Image-text web data:
———

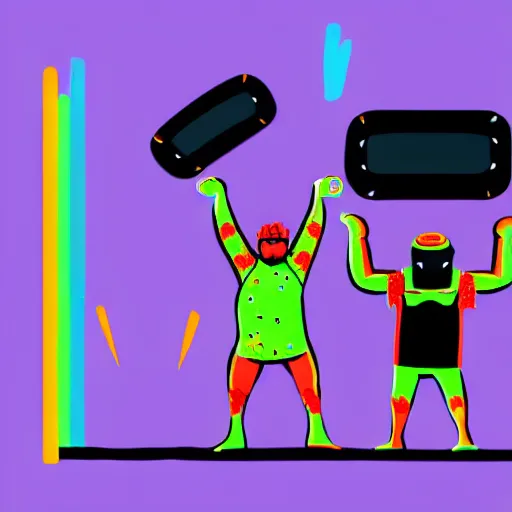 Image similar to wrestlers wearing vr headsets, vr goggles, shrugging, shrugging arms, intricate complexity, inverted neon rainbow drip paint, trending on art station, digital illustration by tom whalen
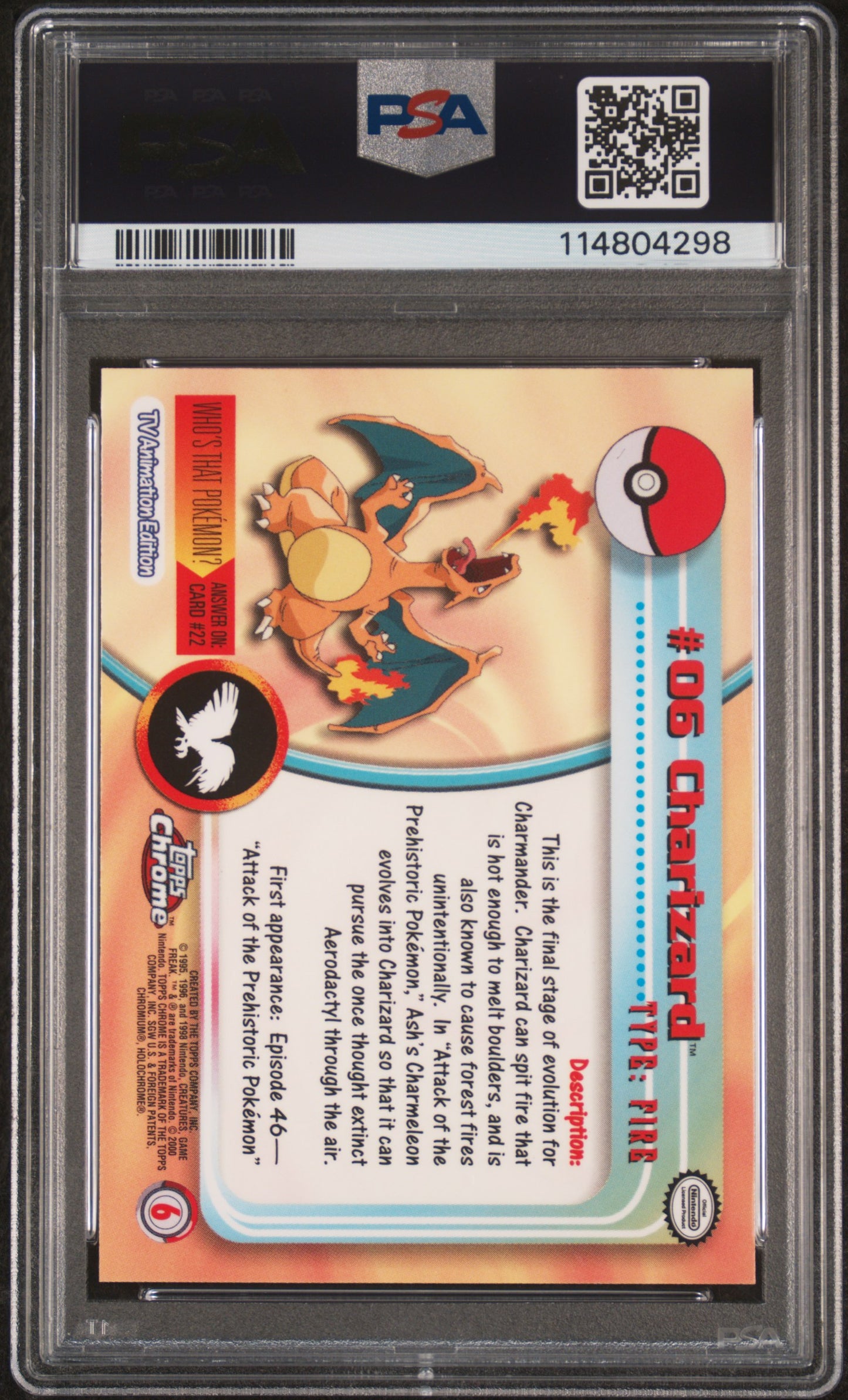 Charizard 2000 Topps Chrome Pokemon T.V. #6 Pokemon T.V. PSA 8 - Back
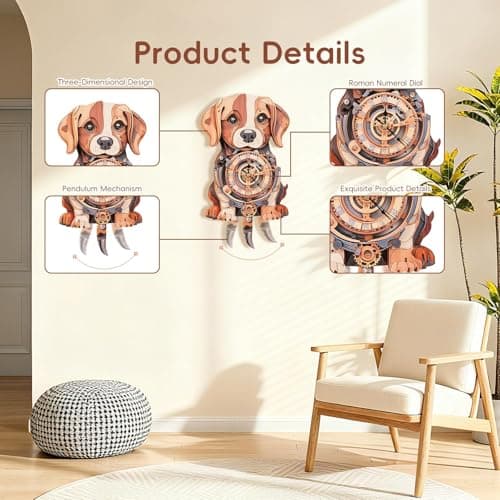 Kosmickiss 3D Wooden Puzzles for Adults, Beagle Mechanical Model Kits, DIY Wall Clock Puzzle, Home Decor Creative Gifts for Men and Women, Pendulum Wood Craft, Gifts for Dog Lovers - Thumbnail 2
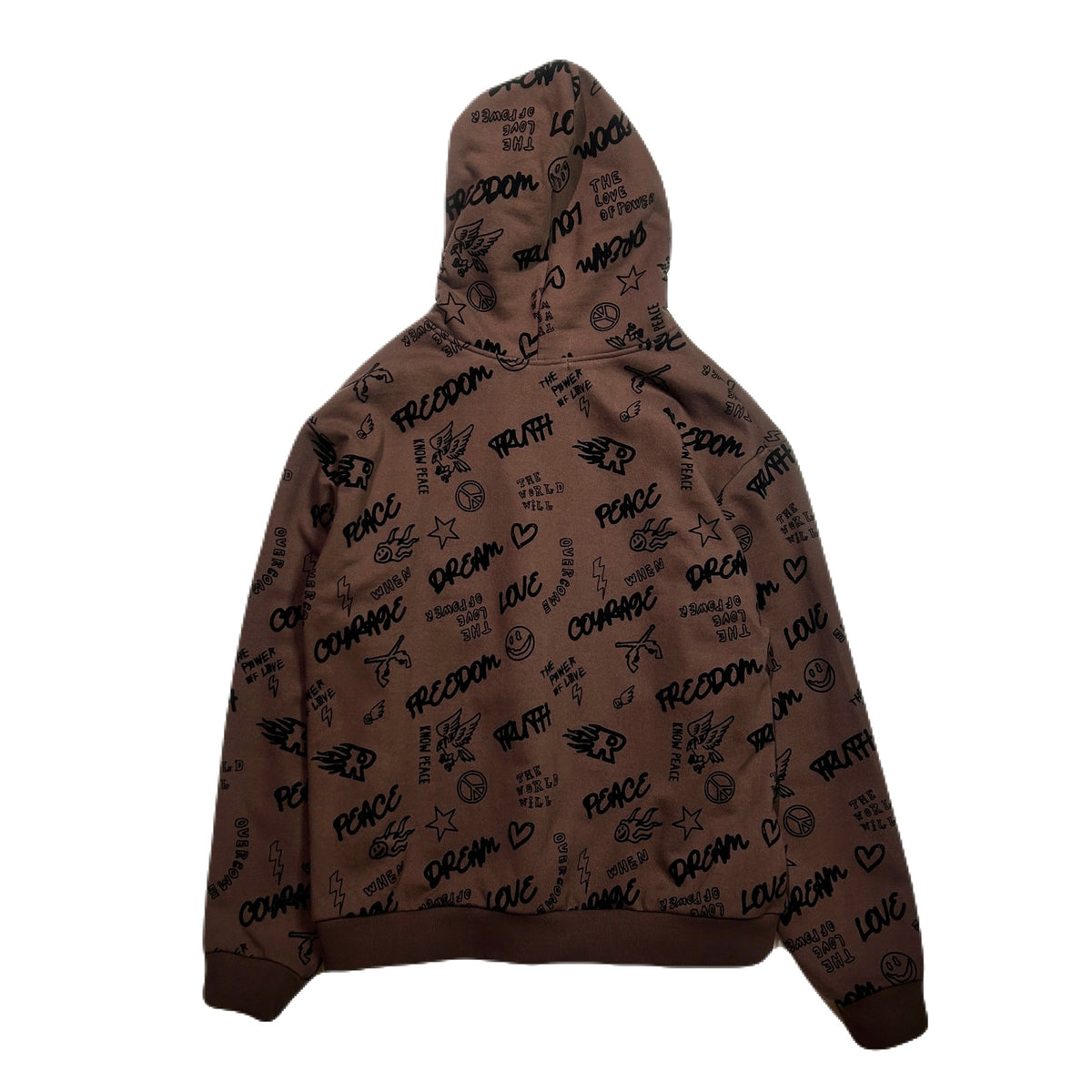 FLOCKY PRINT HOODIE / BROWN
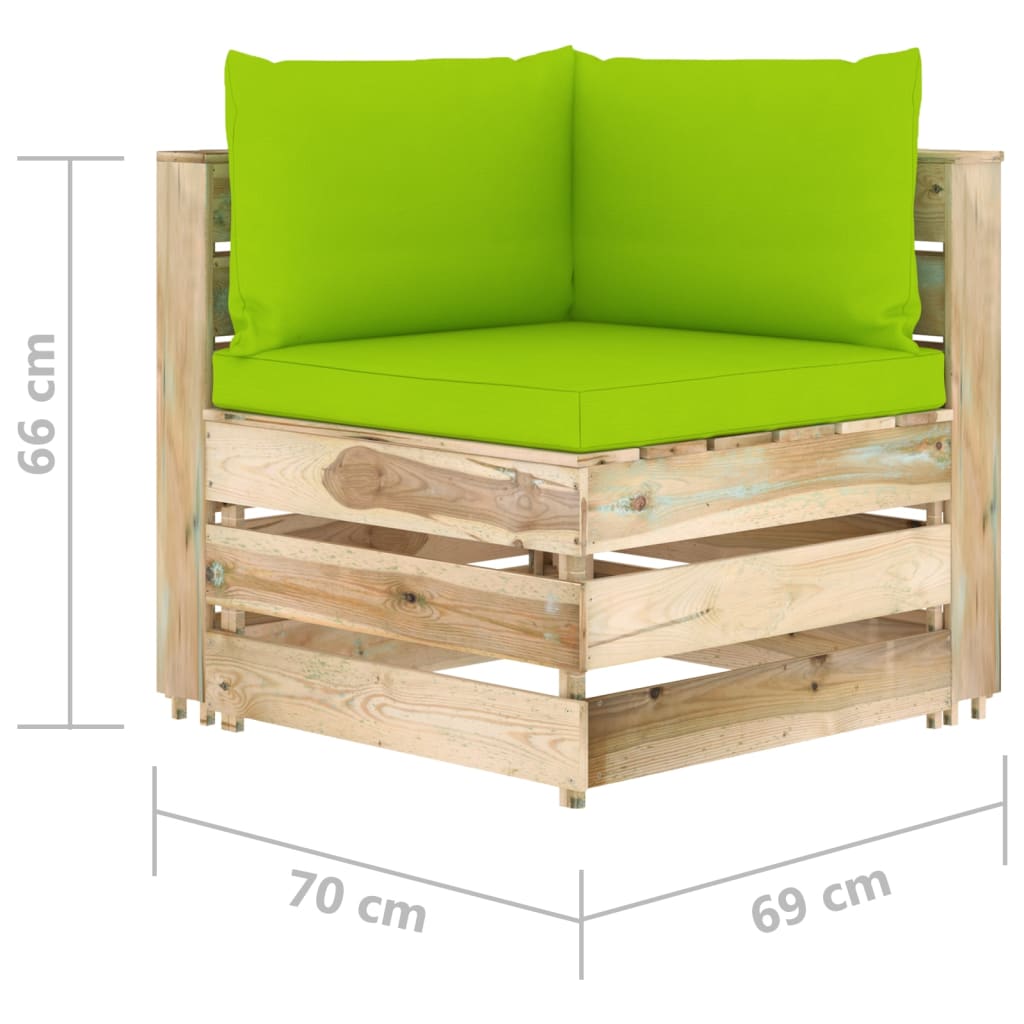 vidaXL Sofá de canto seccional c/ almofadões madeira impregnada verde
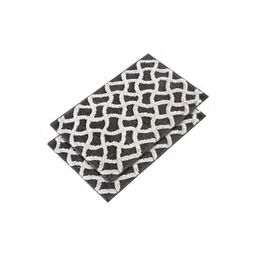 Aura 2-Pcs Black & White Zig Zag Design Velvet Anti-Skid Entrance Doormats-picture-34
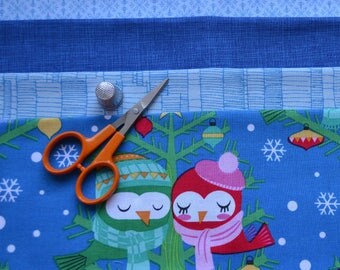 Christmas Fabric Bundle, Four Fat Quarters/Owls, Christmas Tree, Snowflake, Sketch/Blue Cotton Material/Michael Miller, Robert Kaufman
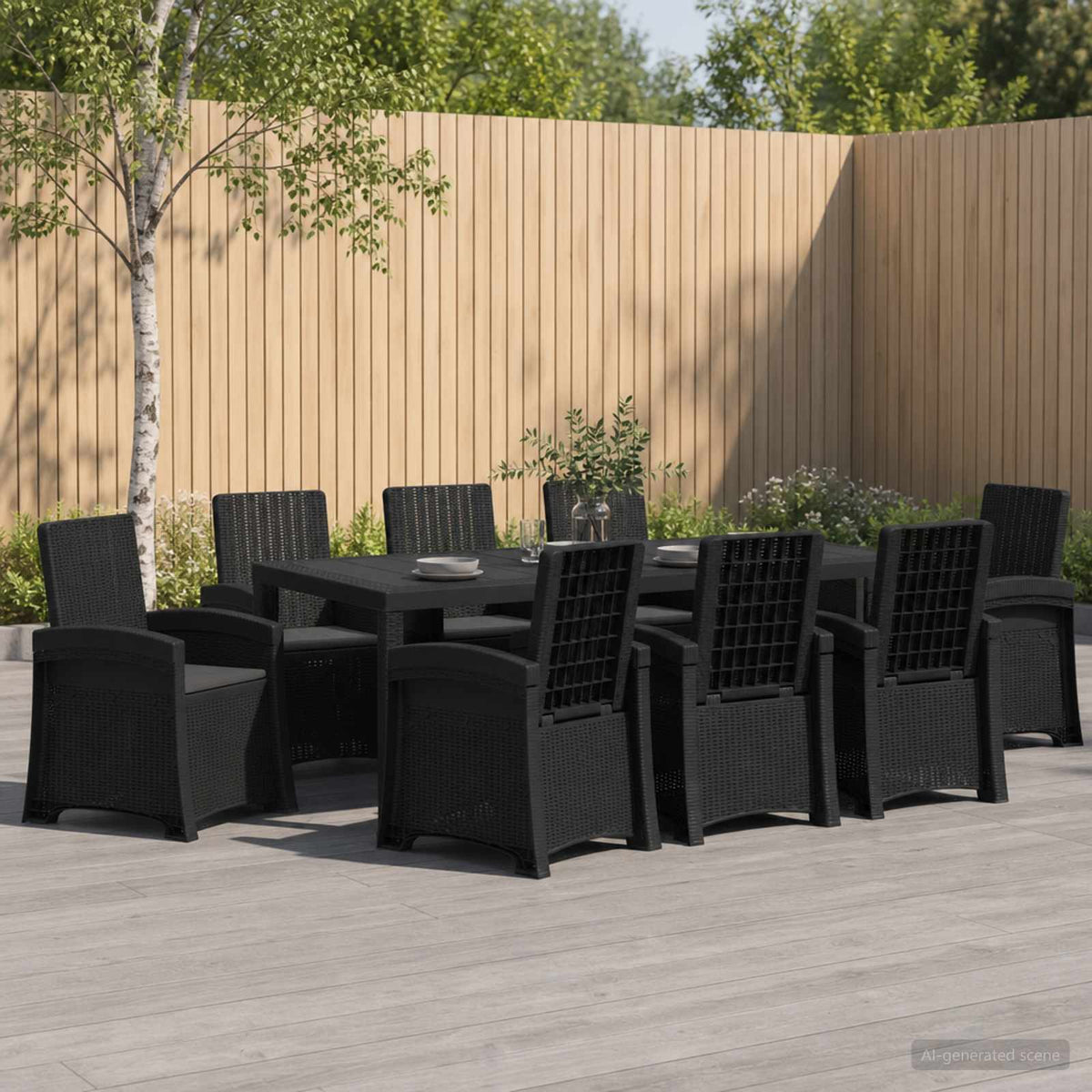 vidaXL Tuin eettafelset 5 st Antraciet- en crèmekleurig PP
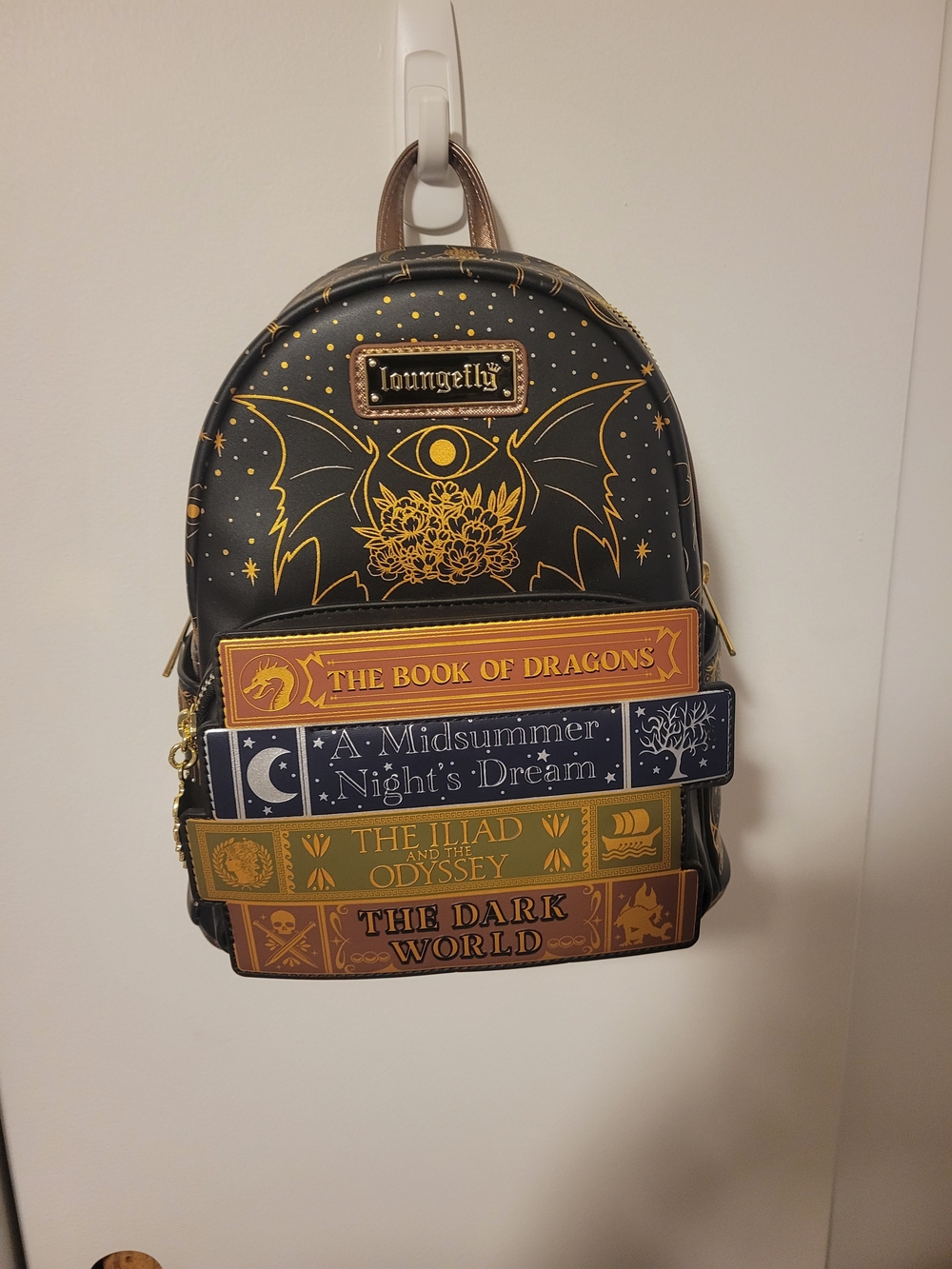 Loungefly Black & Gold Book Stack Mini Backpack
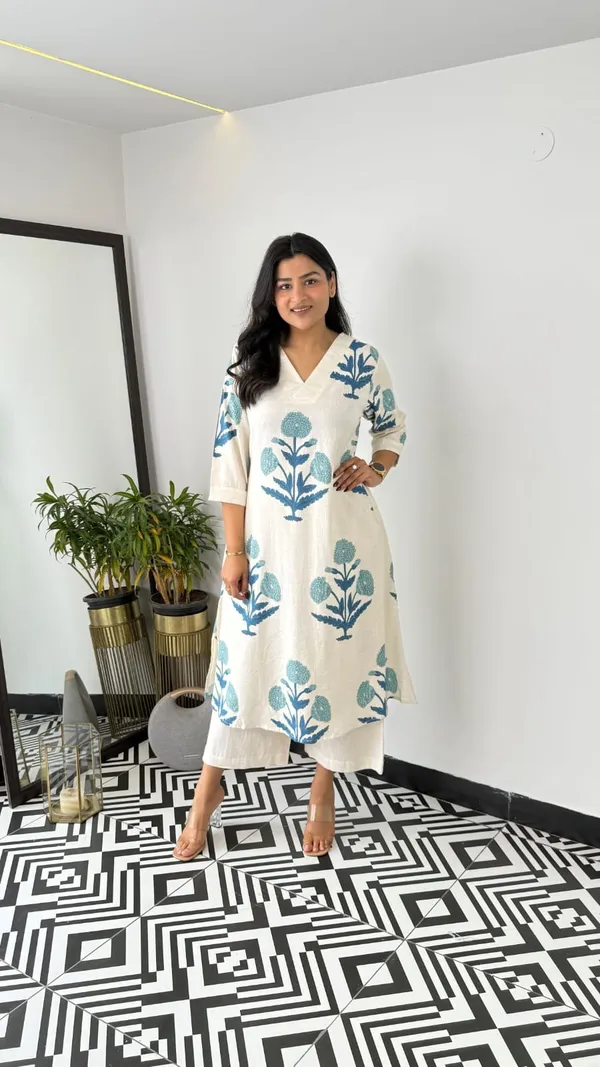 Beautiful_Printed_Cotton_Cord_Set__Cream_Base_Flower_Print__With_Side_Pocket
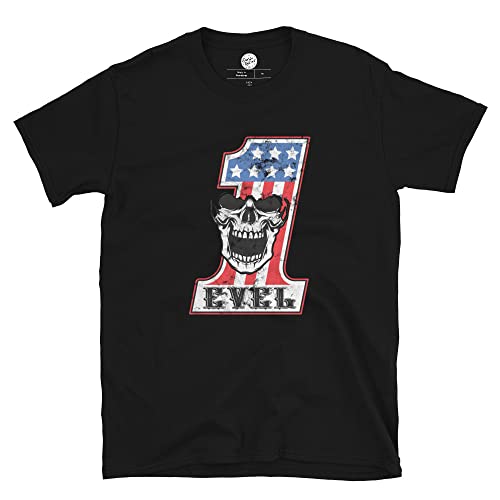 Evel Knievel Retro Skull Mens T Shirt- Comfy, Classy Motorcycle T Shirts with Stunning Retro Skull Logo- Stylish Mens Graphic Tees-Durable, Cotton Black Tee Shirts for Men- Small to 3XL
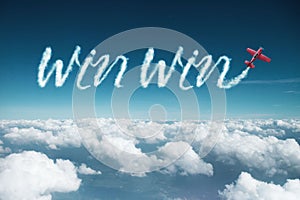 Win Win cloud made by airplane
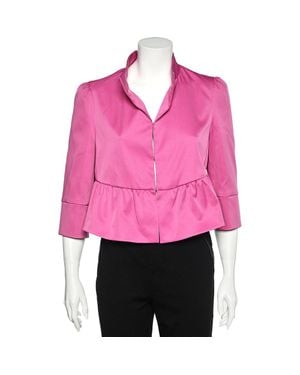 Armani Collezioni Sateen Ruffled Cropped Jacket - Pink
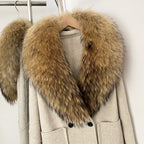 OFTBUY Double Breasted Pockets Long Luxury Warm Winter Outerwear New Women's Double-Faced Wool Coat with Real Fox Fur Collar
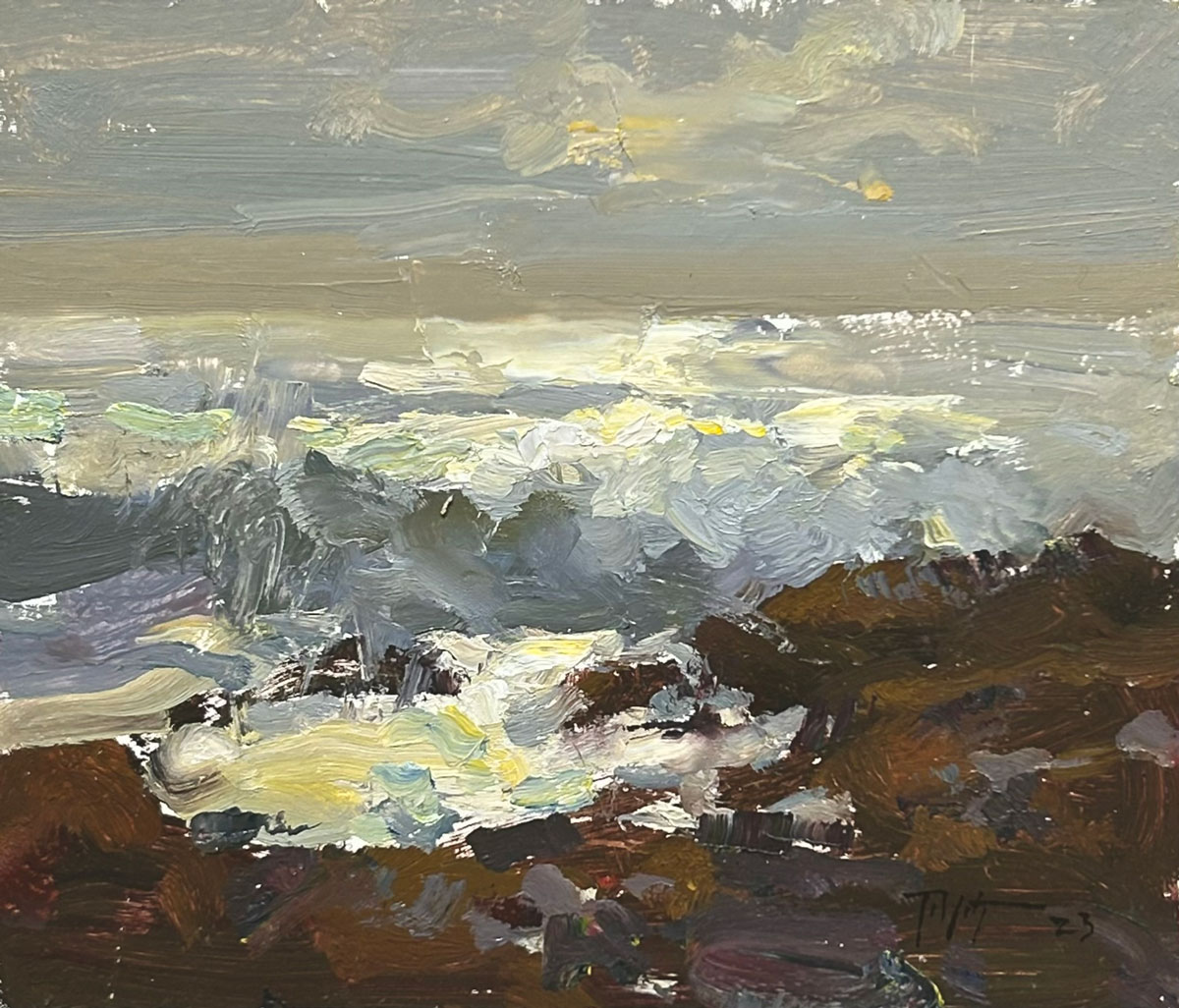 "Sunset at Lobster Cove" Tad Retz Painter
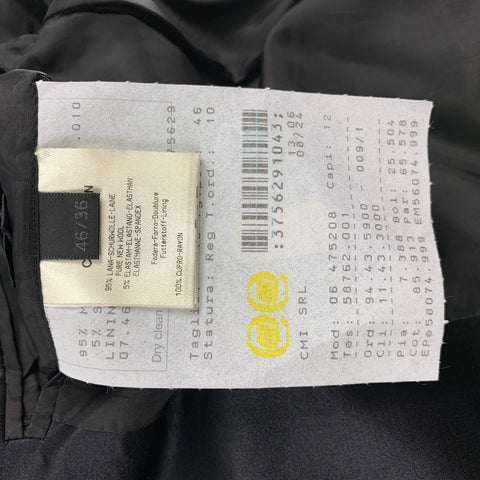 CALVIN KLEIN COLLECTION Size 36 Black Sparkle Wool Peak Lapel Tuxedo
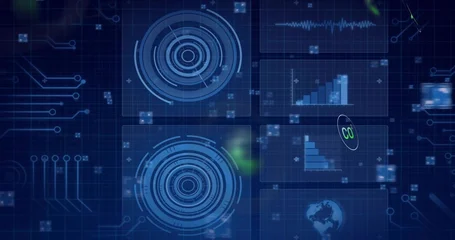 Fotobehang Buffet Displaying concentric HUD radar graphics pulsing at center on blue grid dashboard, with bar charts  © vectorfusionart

———

▶ **WORK ITEM**
Leave out the pictures and return the rest of the records exactly.

▶ **RESULT FOR THIS TASK**
 Image similar to wrestlers wearing vr headsets, vr goggles, shrugging, shrugging arms, intricate complexity, inverted neon rainbow drip paint, trending on art station, digital illustration by tom whalen
 Charizard 2000 Topps Chrome Pokemon T.V. #6 Pokemon T.V. PSA 8 - Back
 Kosmickiss 3D Wooden Puzzles for Adults, Beagle Mechanical Model Kits, DIY Wall Clock Puzzle, Home Decor Creative Gifts for Men and Women, Pendulum Wood Craft, Gifts for Dog Lovers - Thumbnail 2
 FLOCKY PRINT HOODIE / BROWN
 vidaXL Sofá de canto seccional c/ almofadões madeira impregnada verde
 Aura 2-Pcs Black & White Zig Zag Design Velvet Anti-Skid Entrance Doormats-picture-34
 Christmas Fabric Bundle, Four Fat Quarters/Owls, Christmas Tree, Snowflake, Sketch/Blue Cotton Material/Michael Miller, Robert Kaufman
 vidaXL Tuin eettafelset 5 st Antraciet- en crèmekleurig PP
 Loungefly Black & Gold Book Stack Mini Backpack
 Beautiful_Printed_Cotton_Cord_Set__Cream_Base_Flower_Print__With_Side_Pocket
 Evel Knievel Retro Skull Mens T Shirt- Comfy, Classy Motorcycle T Shirts with Stunning Retro Skull Logo- Stylish Mens Graphic Tees-Durable, Cotton Black Tee Shirts for Men- Small to 3XL
 Win Win cloud made by airplane
 Armani Collezioni Sateen Ruffled Cropped Jacket - Pink
 OFTBUY Double Breasted Pockets Long Luxury Warm Winter Outerwear New Women's Double-Faced Wool Coat with Real Fox Fur Collar
 "Sunset at Lobster Cove" Tad Retz Painter
 CALVIN KLEIN COLLECTION Size 36 Black Sparkle Wool Peak Lapel Tuxedo
 Fotobehang Buffet Displaying concentric HUD radar graphics pulsing at center on blue grid dashboard, with bar charts  © vectorfusionart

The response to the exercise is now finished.